前営業日トピックス
東京市場では、前日の海外市場の流れを引き継ぎ、ドルは序盤から底固い動きとなった。米長期金利の上昇を受けて、ドル/円は一時149.98まで上昇し、1990年8月以来、約32年ぶりの高値を更新した。ただ、円買い介入への警戒感が根強いこともあり、150円台の大台を前に上値の重い動きとなった。欧州時間に入り、ドル/円は150円台乗せとなったが、大台乗せで円買い介入への警戒感が一段と高まり、急速の下落する場面もあった。

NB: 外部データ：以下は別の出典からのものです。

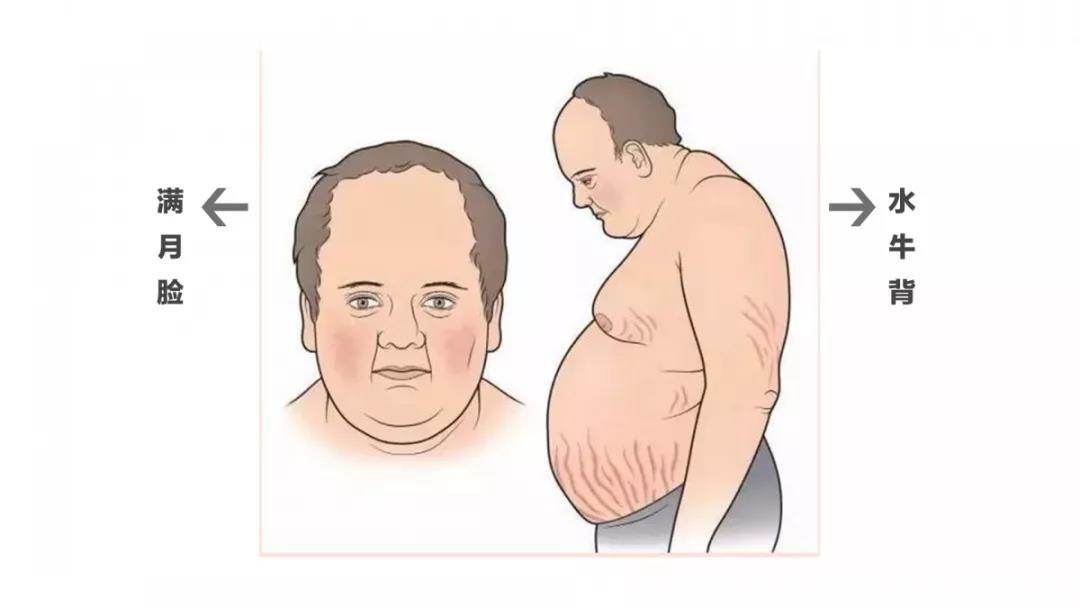 风湿病患者谈“激素”色变！正确认识糖皮质激素，助你早日康复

米国市場では、米10年債利回りが2008年6月以来の高水準まで上昇したことに合わせてドル買いが優勢となり、ドル/円は一時150.28まで上昇し、1990年8月以来の高値を更新した。一方、欧州通貨や資源国通貨は序盤に対ドルで上昇したことから、対円でも堅調な動きとなったが、終盤にかけて対ドルで下落したことから、対円でも軟調な動きとなった。
米株式市場では、大手企業の四半期決算が市場予想を上回ったことを好感して、主要株価指数は序盤から堅調な動きとなった。しかし、FRBが大幅な利上げを継続するとの見方から米長期金利が上昇したことを受けて上げ幅を縮小する動きとなり、終盤には軒並みマイナス圏まで下落した。ダウ平均株価は、序盤から堅調な動きとなり、一時前日比399ドル高まで上昇した。しかし、米長期金利の上昇とともに、下落に転じて前日比158ドル安まで下落したが、引けにかけて下げ幅を縮小して90.22ドル安(-0.30%)で終了した。一方、ハイテク株中心のナスダックは、65.67ポイント安(-0.61%)で終了した。
米ドル/円
※出所:FX総合分析チャート10分足
(1)海外市場の堅調な流れを引き継ぎ、ドルは序盤から堅調な動きとなった。仲値公示にかけて実需のドル買いも観測されたことや、時間外取引で米長期金利が上昇したことを受けて、ドル/円は海外時間に付けた149.90を上抜けて149.96まで上昇したた。ただ、150円の大台を前に上値の重い動きとなった。一方、欧州通貨や資源国通貨は対ドルで上値の重い動きとなったことから、対円でも上値の重い動きとなった。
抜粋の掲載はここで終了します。